SUMMARY
As a researcher, Kristen M. Smith-Edwards, Ph.D., is focused on the neural pathways of the gut-brain axis that regulate colon function in healthy and diseased states. The gut has its own intrinsic nervous system, called the enteric nervous system, which is capable of executing gastrointestinal (GI) functions. However, to maintain homeostasis and overall health, the brain and gut communicate with one another by sending signals via extrinsic sensory and autonomic nerve pathways.
Dr. Smith-Edwards and her research team utilize approaches in preclinical models to understand how enteric, autonomic and sensory neurons, as well as non-neuronal target cells in the bowel, work together to mediate motility, inflammation and abdominal pain. Dr. Smith-Edwards and her research team's long-term goals are to determine the neural mechanisms underlying GI disease and develop new therapeutic strategies that modulate neural activity to treat GI dysfunction.
Focus areas
- Defining and modeling the cellular interactions that produce rhythmic colon motility. Continuous colon motility is critical for overall health and results from activity in the enteric nervous system, interstitial cells of Cajal and smooth muscle. Although these cell types have been individually studied in detail, how they interact to coordinate motility across the length of the colon is not well understood. Dr. Smith Edwards' lab uses optogenetic- and calcium-imaging approaches to manipulate and record activity in each of these cell types. At the same time, her team monitors the changes in motor patterns to define the cellular interactions responsible for colon motility. Dr. Smith-Edwards and her research team's goal is to build a computational model that will help predict the cellular mechanisms of dysfunction in GI disease and guide optimization of electrical stimulation devices to normalize motility.

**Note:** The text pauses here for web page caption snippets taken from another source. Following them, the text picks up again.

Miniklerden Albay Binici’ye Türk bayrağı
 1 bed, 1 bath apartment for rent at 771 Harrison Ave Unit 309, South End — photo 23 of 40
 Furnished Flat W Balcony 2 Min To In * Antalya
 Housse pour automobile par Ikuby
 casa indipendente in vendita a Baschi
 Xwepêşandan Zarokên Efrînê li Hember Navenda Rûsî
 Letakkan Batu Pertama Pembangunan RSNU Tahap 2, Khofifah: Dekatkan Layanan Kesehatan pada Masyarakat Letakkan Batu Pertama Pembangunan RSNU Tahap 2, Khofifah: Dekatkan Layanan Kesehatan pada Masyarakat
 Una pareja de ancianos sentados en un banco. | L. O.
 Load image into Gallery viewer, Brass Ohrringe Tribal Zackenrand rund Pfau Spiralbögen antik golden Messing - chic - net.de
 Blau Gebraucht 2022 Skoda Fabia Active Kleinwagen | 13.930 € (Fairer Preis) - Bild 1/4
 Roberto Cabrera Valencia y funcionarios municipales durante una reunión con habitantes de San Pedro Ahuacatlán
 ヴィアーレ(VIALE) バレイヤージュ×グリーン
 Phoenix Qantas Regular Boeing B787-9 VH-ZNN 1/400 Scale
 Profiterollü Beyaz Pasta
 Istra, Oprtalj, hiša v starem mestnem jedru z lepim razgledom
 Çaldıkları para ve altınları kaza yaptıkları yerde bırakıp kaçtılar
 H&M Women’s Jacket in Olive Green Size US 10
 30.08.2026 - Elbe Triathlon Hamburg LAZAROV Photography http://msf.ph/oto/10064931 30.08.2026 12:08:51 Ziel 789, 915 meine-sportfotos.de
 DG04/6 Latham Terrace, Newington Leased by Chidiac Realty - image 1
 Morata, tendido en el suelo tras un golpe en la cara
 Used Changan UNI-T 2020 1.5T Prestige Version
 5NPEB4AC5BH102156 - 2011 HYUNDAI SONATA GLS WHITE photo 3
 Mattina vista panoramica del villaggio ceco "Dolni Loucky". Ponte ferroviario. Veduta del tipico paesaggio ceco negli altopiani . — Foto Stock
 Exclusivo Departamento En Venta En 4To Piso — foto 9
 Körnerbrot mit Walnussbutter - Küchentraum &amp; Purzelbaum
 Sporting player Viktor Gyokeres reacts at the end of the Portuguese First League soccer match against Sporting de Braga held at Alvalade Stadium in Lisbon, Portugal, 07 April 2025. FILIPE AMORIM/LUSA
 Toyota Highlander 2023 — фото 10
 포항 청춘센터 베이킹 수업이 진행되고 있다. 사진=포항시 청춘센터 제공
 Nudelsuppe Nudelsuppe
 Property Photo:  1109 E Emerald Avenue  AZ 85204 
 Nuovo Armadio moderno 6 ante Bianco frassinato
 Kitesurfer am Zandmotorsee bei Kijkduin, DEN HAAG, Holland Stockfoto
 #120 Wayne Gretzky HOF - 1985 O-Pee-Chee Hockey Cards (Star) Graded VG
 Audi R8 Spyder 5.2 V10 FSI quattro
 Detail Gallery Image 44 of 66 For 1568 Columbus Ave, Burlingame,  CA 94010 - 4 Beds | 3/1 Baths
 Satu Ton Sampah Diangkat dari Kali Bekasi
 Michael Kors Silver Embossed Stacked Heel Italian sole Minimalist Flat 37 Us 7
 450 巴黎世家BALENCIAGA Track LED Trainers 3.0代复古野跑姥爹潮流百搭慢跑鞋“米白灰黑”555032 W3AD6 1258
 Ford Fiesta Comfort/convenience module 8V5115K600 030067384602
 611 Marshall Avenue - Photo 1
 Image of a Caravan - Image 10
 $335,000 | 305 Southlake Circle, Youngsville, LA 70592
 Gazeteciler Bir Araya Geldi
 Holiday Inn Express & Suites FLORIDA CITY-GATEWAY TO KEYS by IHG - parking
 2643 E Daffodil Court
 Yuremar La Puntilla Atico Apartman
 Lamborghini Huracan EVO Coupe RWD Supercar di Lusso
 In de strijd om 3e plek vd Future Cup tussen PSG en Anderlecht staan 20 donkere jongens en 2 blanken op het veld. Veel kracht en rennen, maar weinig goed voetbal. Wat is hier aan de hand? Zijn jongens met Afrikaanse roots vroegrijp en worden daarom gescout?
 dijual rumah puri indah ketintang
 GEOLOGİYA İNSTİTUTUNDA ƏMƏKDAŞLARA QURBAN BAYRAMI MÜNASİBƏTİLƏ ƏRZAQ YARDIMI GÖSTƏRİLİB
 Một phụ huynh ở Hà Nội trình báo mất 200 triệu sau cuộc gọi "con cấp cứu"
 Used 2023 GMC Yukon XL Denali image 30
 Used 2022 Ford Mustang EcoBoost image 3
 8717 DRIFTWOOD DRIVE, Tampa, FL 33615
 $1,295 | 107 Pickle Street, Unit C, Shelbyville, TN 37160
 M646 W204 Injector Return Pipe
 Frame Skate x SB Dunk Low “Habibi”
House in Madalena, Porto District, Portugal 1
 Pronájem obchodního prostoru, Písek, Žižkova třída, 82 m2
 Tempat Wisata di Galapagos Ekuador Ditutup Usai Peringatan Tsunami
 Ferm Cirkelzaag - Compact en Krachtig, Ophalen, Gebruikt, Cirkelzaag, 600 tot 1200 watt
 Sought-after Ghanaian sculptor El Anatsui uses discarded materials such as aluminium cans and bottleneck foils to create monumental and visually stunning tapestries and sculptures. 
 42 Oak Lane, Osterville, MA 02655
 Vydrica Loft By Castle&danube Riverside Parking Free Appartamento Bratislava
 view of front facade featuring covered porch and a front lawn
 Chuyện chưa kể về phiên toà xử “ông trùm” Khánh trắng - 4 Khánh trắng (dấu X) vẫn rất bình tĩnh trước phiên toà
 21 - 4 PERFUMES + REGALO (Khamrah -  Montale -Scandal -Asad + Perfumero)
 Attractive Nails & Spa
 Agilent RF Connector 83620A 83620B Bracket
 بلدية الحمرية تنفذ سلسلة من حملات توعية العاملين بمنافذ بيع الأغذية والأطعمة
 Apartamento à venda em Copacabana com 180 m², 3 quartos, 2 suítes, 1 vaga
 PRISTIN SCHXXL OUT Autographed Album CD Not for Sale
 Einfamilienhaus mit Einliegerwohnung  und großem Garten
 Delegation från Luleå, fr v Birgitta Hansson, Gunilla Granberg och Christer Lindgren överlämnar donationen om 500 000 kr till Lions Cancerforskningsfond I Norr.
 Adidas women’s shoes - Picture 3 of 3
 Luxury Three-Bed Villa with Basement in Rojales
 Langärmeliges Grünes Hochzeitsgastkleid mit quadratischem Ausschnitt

- Neuroplastic changes in the gut-brain axis that contribute to pain and dysmotility. Inflammatory bowel disease (IBD) and irritable bowel syndrome (IBS) are GI diseases that commonly present with dysmotility — constipation or diarrhea — pain and autonomic dysfunction. The presence of these conditions suggest that extrinsic nerve pathways of the gut-brain axis are involved in disease pathology. Dr. Smith-Edwards has identified unique sensory and autonomic motor functions for each of the three pathways that travel between the brain and colon. Researchers in Dr. Smith-Edwards' lab are now using preclinical models of IBD and IBS to determine the changes in each pathway that contribute to pain and dysmotility.
- Mechanisms underlying long-term bowel dysfunction in Hirschsprung disease. Hirschsprung disease (HD) is a congenital defect resulting in the lack of an enteric nervous system in the distal bowel. Although HD is treated surgically by removing the affected portion of bowel that is missing the enteric nervous system, HD patients continue to suffer from bowel complications including dysmotility, enterocolitis and inflammation. Dr. Smith-Edwards generated an HD mouse model and identified significant defects in enteric nervous system activity in the proximal bowel that likely contribute to bowel dysfunction following surgery. Her lab collaborates with pediatric surgeons, gastroenterologists and pathologists at Mayo Clinic to optimize surgical protocols, design novel diagnostic approaches and develop new treatments to improve the long-term outcomes in HD patients.
Significance to patient care
Dysfunction in the gut-brain axis has been linked to a wide variety of GI and non-GI related diseases that affect millions worldwide. The most common GI symptoms, pain and dysmotility, are notoriously difficult to treat without unwanted side effects. Dr. Smith-Edwards and her research team are diligently working to determine the neural mechanisms underlying GI dysfunction. They hope to leverage the unique functions of enteric, sensory and autonomic nerve pathways to develop new treatments that use neuromodulation to reduce suffering and improve long-term outcomes in patients.